-- ASSIGNED TASK --
Transcribe exactly the lines that fall between the one holding "view Afia-Too-Ca, a" and the one holding "Glass Measuring Cup", inclusive, from the entries below.

-- RECORDS FOR THIS TASK --
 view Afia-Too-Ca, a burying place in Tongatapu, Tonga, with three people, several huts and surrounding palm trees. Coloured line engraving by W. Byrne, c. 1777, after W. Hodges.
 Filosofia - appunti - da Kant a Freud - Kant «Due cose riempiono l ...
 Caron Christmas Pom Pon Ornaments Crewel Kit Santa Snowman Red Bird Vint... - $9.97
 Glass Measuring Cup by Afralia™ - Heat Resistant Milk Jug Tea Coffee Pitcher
--
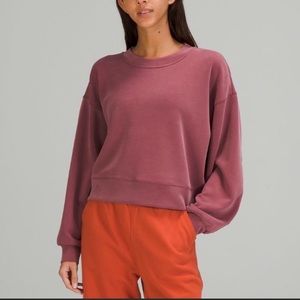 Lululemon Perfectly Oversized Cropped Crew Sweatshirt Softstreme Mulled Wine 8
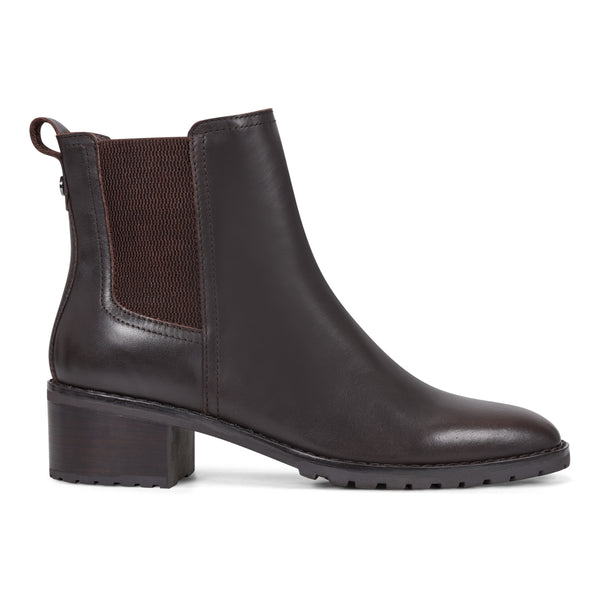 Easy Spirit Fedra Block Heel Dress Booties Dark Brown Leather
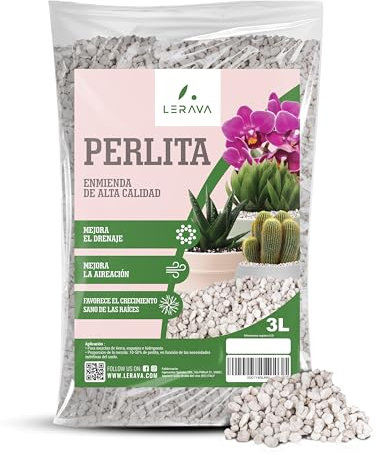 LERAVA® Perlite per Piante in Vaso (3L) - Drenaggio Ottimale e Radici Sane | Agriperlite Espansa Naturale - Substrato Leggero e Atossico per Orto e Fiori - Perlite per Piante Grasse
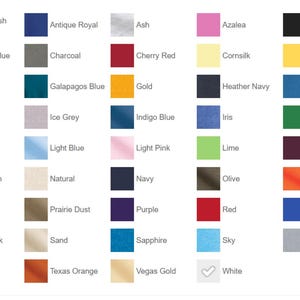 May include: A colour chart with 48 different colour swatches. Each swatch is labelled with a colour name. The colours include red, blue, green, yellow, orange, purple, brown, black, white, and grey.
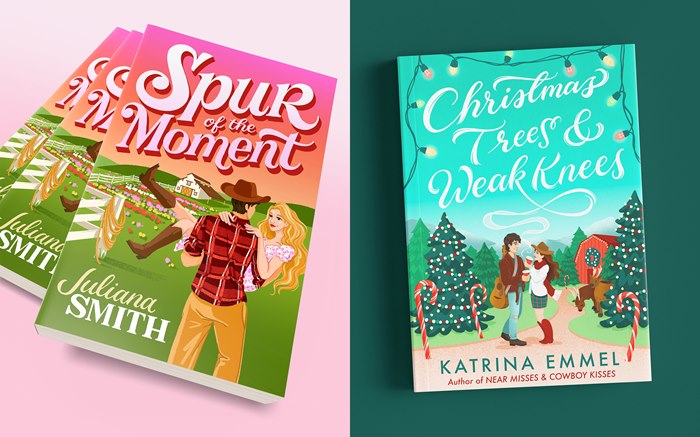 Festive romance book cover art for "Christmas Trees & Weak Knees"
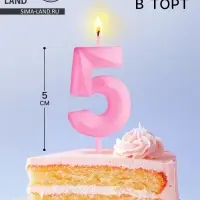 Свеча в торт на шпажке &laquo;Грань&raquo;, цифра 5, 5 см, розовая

-- RESPONSE BOX --
 view Afia-Too-Ca, a burying place in Tongatapu, Tonga, with three people, several huts and surrounding palm trees. Coloured line engraving by W. Byrne, c. 1777, after W. Hodges.
 Filosofia - appunti - da Kant a Freud - Kant «Due cose riempiono l ...
 Caron Christmas Pom Pon Ornaments Crewel Kit Santa Snowman Red Bird Vint... - $9.97
 Glass Measuring Cup by Afralia™ - Heat Resistant Milk Jug Tea Coffee Pitcher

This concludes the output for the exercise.